Over the last two years, four sets of estate tax rules have been in effect, with the individual exemption ranging from $2 million (2008) to $3.5 million (2009) to unlimited (2010) to $ 5 million (2011). Besides these varying exemption levels, another major change in the new estate rules includes the “portability” factor.
Portability allows each partner of a married couple to use the rest of the other’s estate-tax exemption. It facilitates planning when one spouse has a relatively large, indivisible asset.
The Tax Relief Act of 2010, Title III provision illustrates how portability works:
Assume that Husband 1 dies in 2011, having made taxable transfers of $3 million and having no taxable estate. An election is made on Husband 1’s estate tax return to permit Wife to use Husband 1’s deceased spouse unused exclusion amount. Wife has made no taxable gifts. Thereafter, Wife’s applicable exclusion amount is $7 million (her $ 5 million basic exclusion amount from Husband 1), which she may use for lifetime gifts or for transfers at death.

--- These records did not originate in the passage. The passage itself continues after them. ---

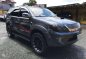 2006 Toyota Fortuner V 4x4 AT Diesel-8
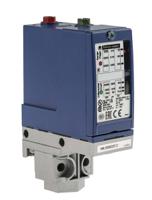 xmlb300d2s12 Telemecanique Sensors Pressure Switch, 22bar Min, 300bar Max
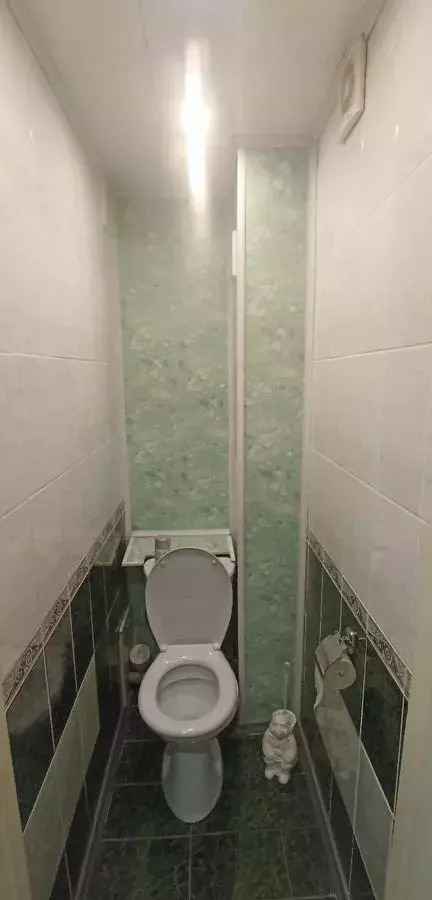 квартира г Жигулевск ул Морквашинская 41 фото 12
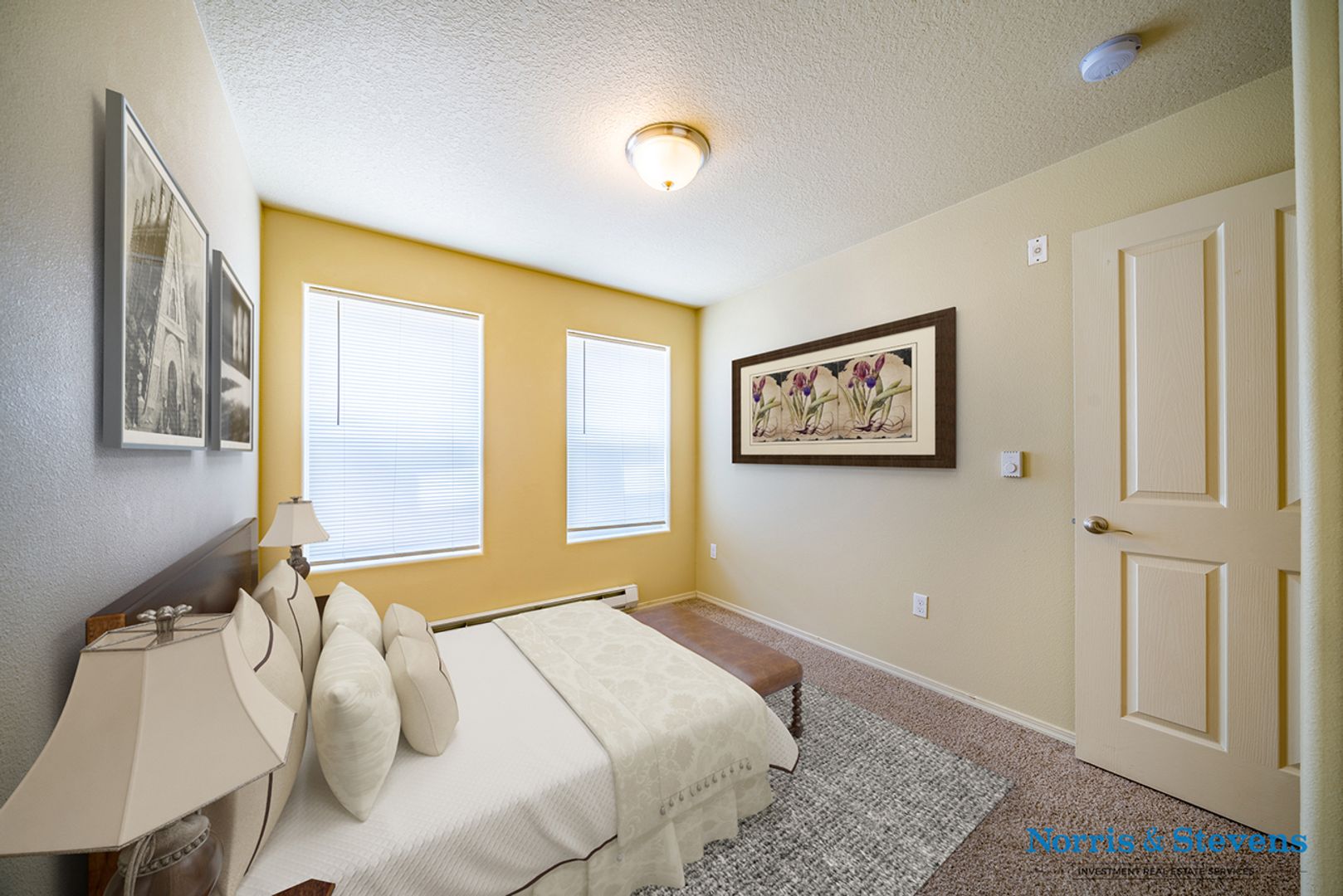 #136 SUNLIGHT APARTMENTS 2 of 6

A New York estate planning attorney should then prepare a federal estate tax return for the wealthy surviving spouse’s deceased husband. At a 35% tax rate, the unused $ 2 million dollar exemption could someday be worth $700K to beneficiaries.
Like the $ 5 million exemption, portability is in effect for two years only – and in order to qualify for the provision, an accountant or attorney must prepare and file the estate tax return calculating the unused portion and elect to pass it on. Potentially the more valuable the unused exemption, the more modest the estate of the deceased spouse.
Because of the complexity of the Title III provision, it will help to have an experienced attorney explain the portability rule and if it makes sense to file the necessary tax forms as part of your comprehensive elder law estate plan.